The FBI has assigned its elite "A-Team" to lead what is now being described as a "extremely serious" investigation into former Secretary of State Hillary Clinton's use of a private email system during her tenure at the State Department.
Investigators are looking into whether Clinton violated a section of the Espionage Act, 18 US Code 793, which pertains to "gathering, transmitting or losing defense information," reported Fox News.
The FBI launched a criminal probe earlier this month into Clinton's use of a private server, which was not equipped to handle classified information.
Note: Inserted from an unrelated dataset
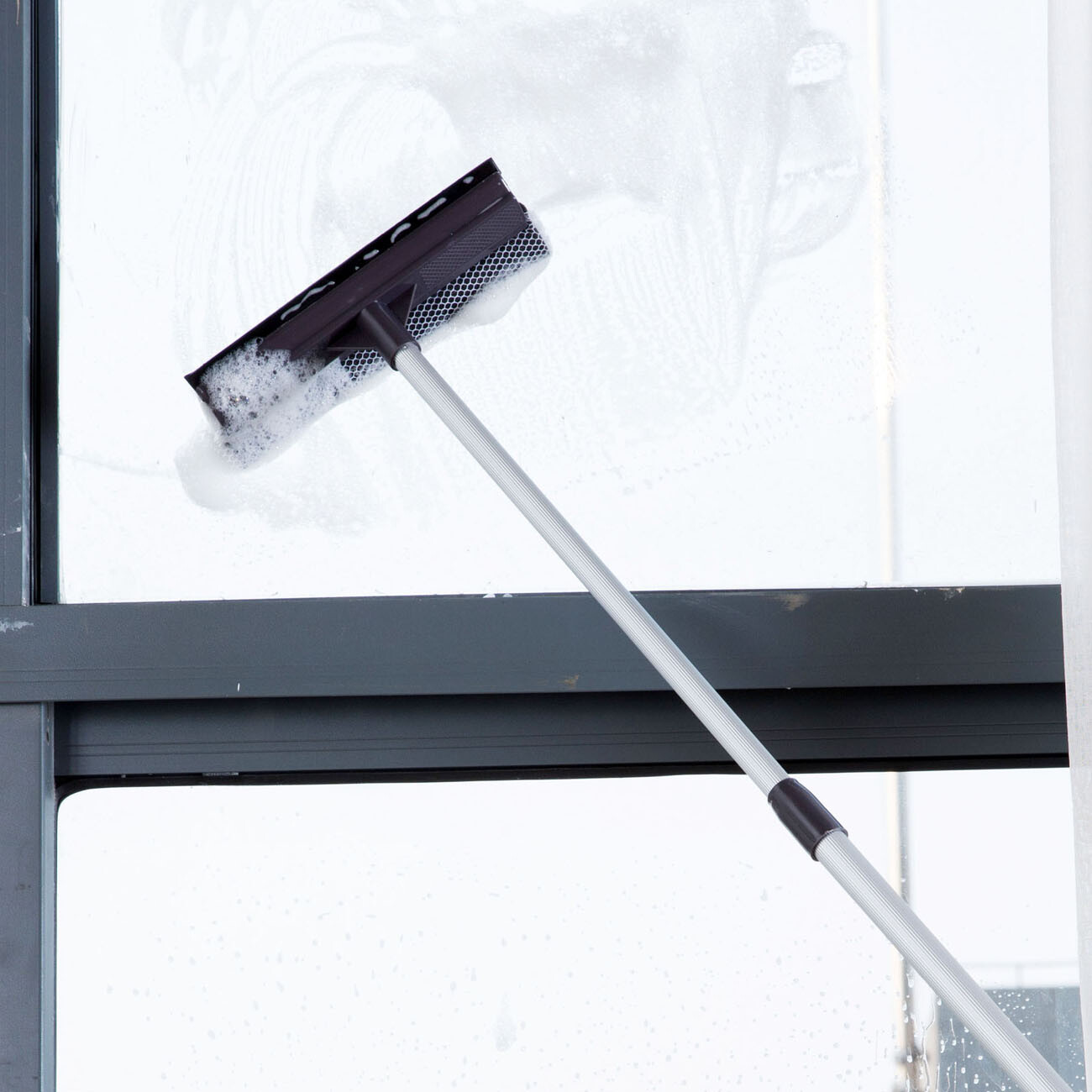 Telescopic Window Cleaner Squeegee Wiper Glass Sponge Head Extendable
After the intelligence community's inspector general determined that two emails found on Clinton's server contained information classified as "top secret" at the time they were sent, Clinton finally turned over the private home-brew server to the bureau after refusing to do so for months.
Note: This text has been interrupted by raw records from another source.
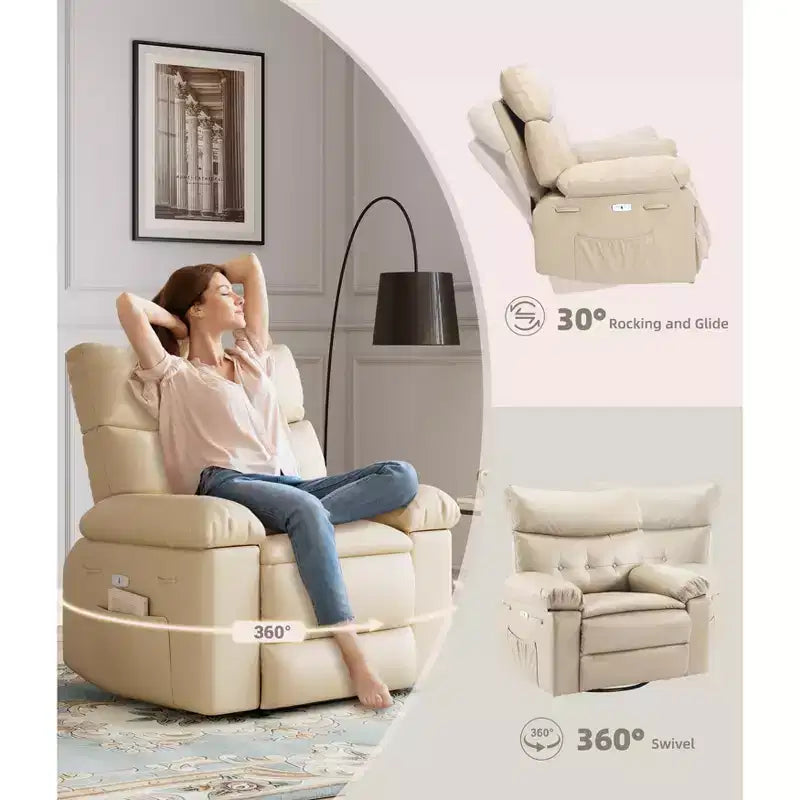 Poltrona a dondolo reclinabile extra-large con massaggio e riscaldamento, rotazione a 360°, con telecomando, portabicchieri e tasche laterali, design ergonomico.
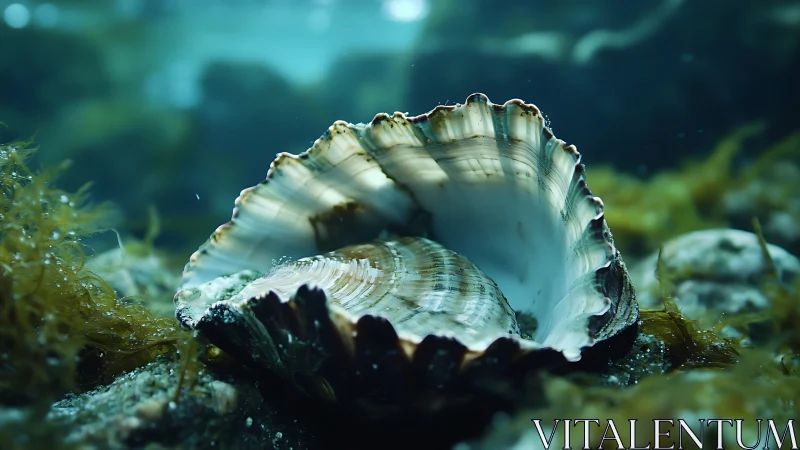 Glimmering seashell opens quietly on a peaceful seafloor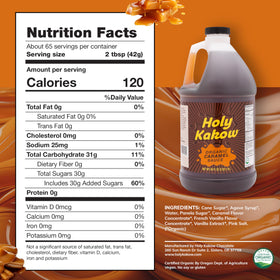 Holy Kakow Organic Caramel Sauce label close-up highlights clean ingredients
Clinton initially claimed, on multiple occasions, that she never sent or received classified information, but she soon walked back on those claims, instead saying she never sent information that was marked as being classified.
A number of federal guidelines exist warning officials that certain information is automatically deemed classified when generated, but it appears as though Clinton either ignored or was ignorant of these warnings and allowed dozens of emails containing information automatically deemed classified to pass through her server, as HNGN previously reported.
That being the case, the FBI is also looking into whether Clinton should have known "based on the quality and detail of the material that emails passing through her server contained classified information regardless of the markings," Fox News reported.
Judge Andrew Napolitano previously told Fox News that Clinton could be charged with a felony for each email she sent that contained classified information.
As for the Espionage Act provision currently in question, a leading national security attorney told Fox News that violating it is also a felony.
"Under [sub-section] F, the documents relate to the national defense, meaning very closely held information," attorney Edward MacMahon Jr. said. "Somebody in the government, with a clearance and need to know, then delivered the information to someone not entitled to receive it, or otherwise moved it from where it was supposed to be lawfully held."